— Task requirements —
Every line below from the one containing "Used 2023 Chevrolet" through the one containing "Thumbnail 4 Mizuki" is to be printed exactly, with the pictures omitted.

— Data for processing —
# # # # # # #

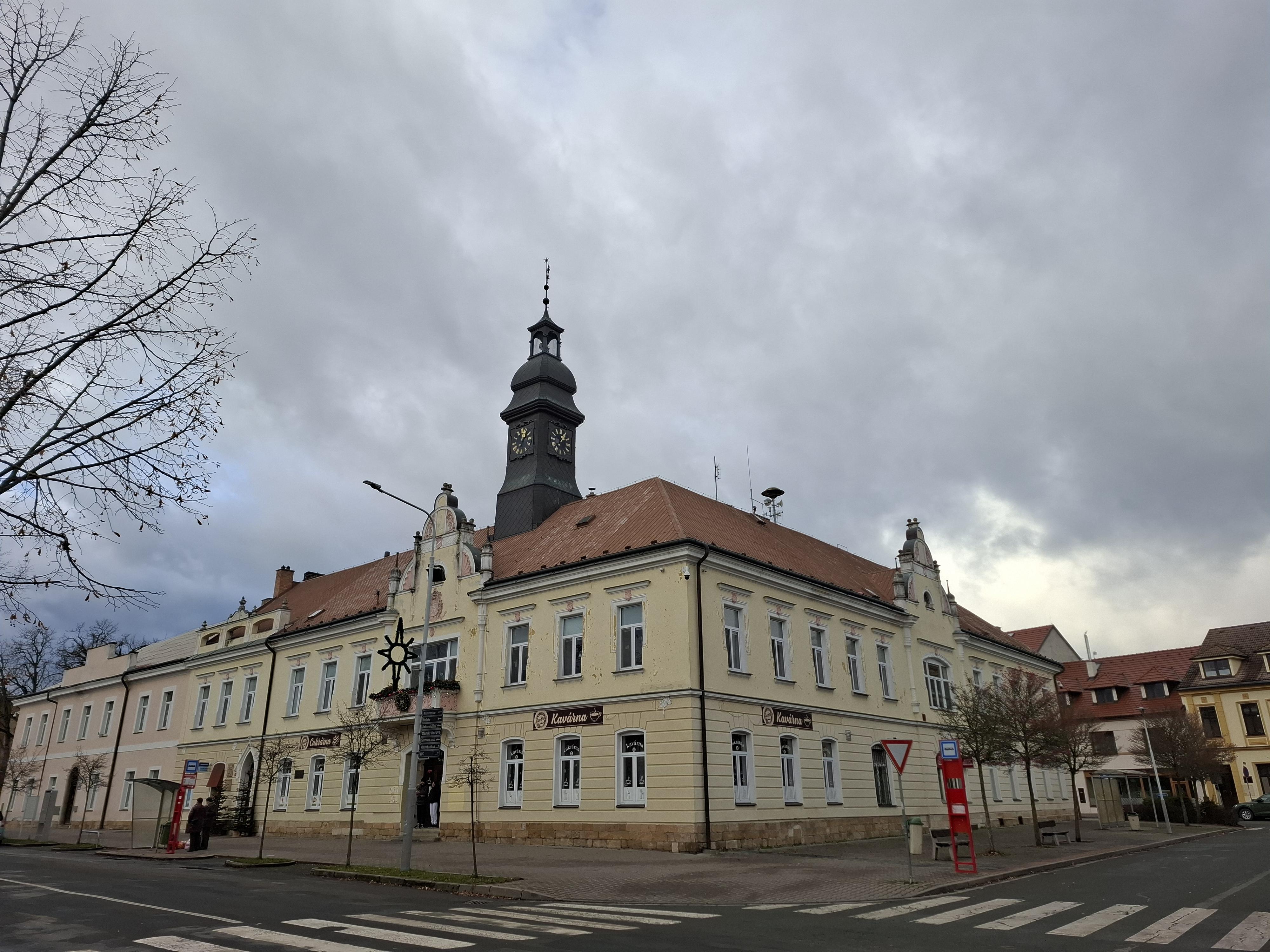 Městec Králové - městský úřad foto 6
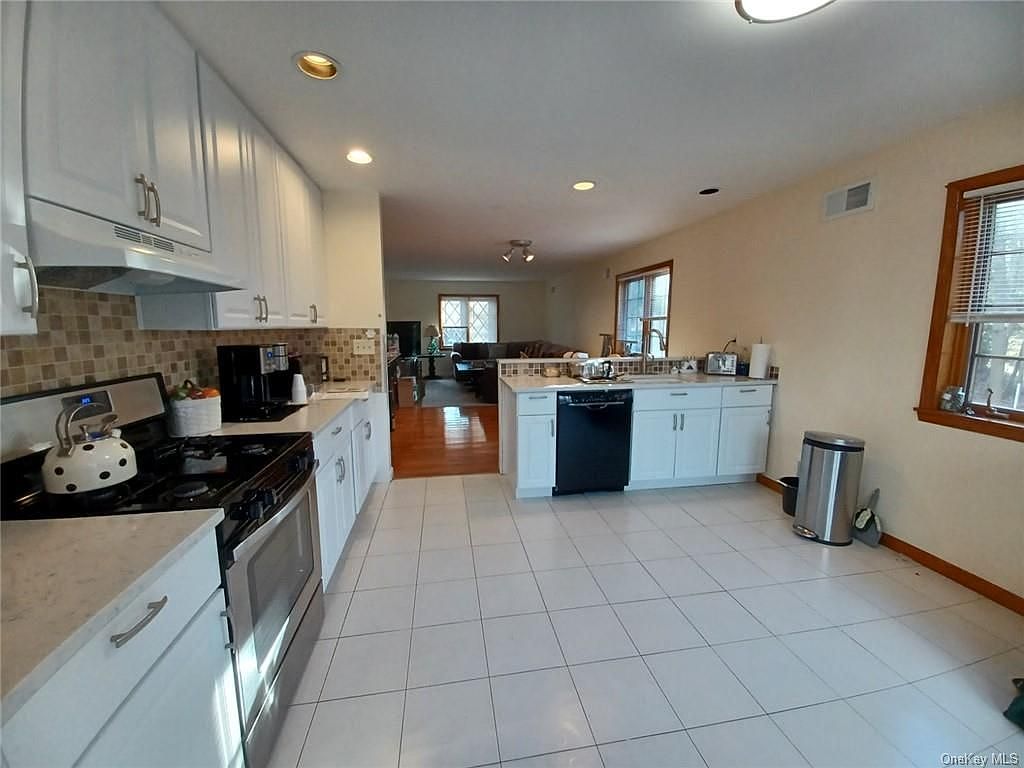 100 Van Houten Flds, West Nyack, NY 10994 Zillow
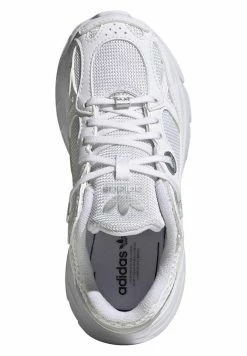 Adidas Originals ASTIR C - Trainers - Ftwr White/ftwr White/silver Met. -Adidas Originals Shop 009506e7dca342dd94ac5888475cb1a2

# # # # # # #

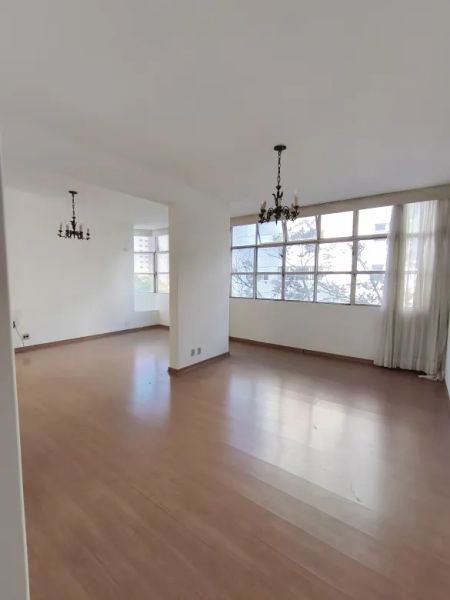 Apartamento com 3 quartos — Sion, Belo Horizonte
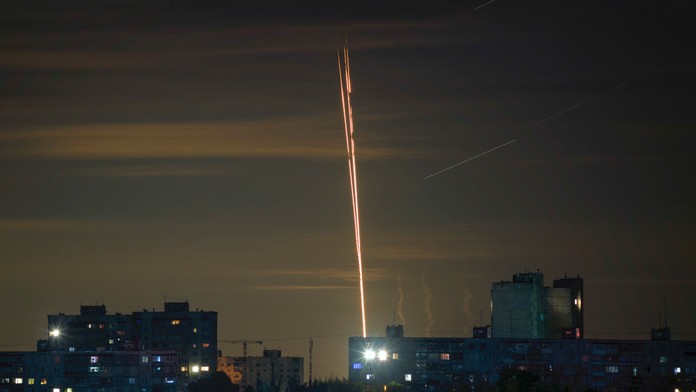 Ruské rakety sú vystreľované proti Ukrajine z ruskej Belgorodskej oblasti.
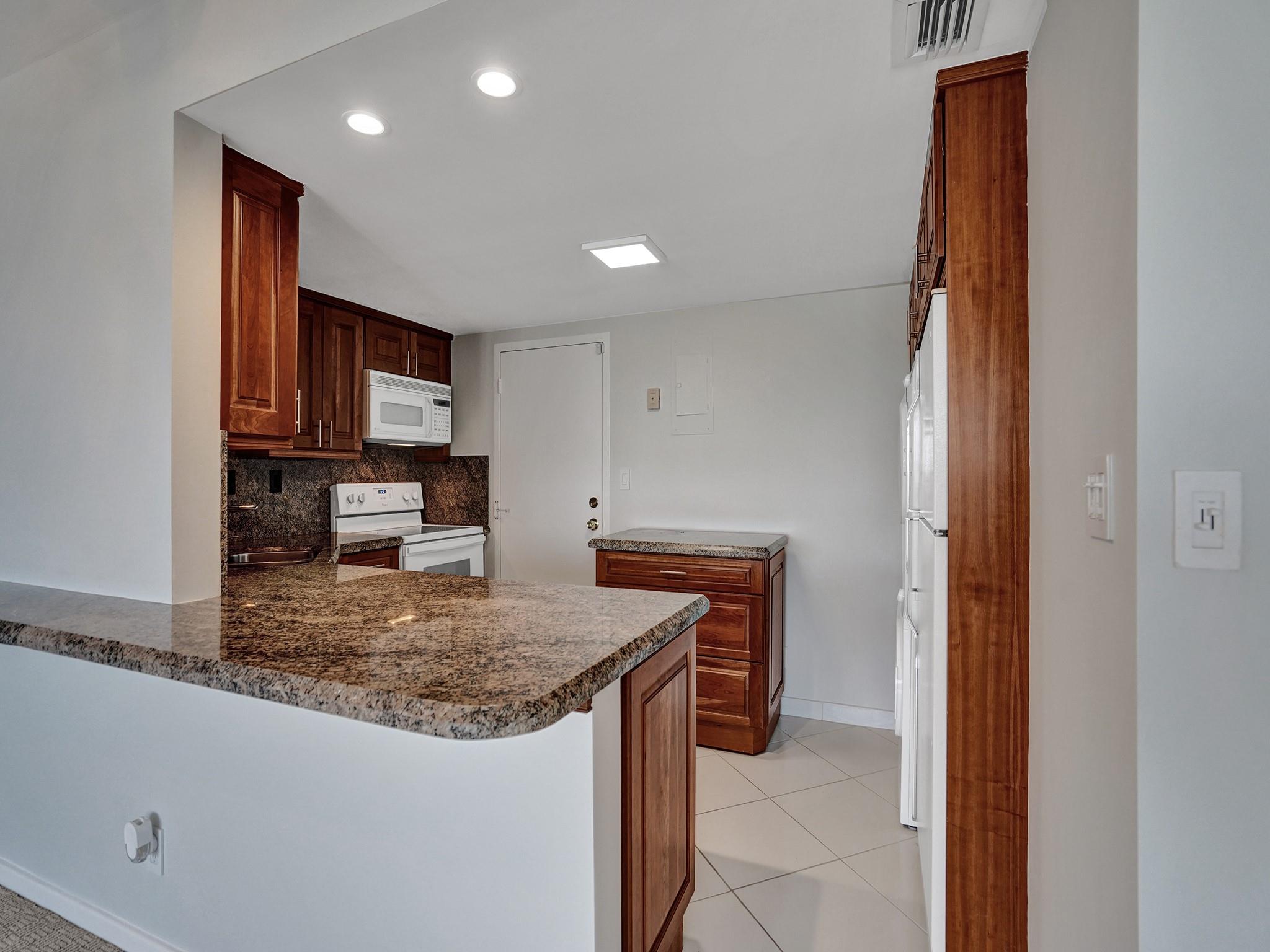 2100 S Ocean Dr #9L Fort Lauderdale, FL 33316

# # # # # # #

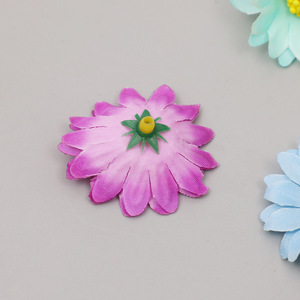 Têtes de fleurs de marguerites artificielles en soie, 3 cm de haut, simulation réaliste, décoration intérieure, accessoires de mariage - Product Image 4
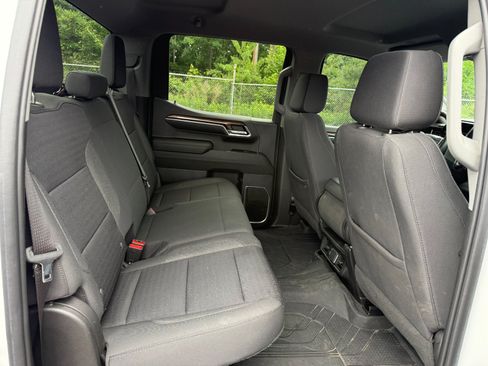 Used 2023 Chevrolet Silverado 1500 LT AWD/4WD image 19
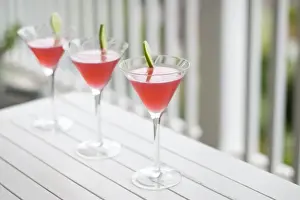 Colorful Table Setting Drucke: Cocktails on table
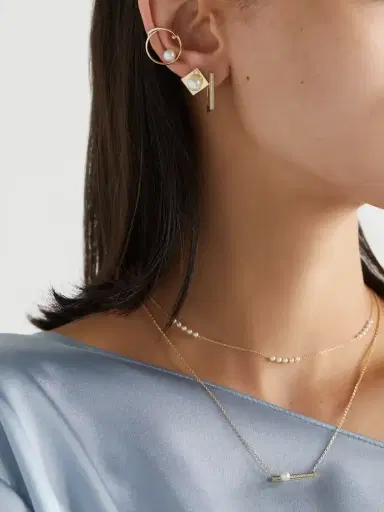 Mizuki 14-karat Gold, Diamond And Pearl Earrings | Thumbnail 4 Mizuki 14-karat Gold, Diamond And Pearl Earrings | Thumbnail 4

# # # # # # #

— Answer below —
 Used 2023 Chevrolet Silverado 1500 LT AWD/4WD image 19
 Colorful Table Setting Drucke: Cocktails on table
 Mizuki 14-karat Gold, Diamond And Pearl Earrings | Thumbnail 4 Mizuki 14-karat Gold, Diamond And Pearl Earrings | Thumbnail 4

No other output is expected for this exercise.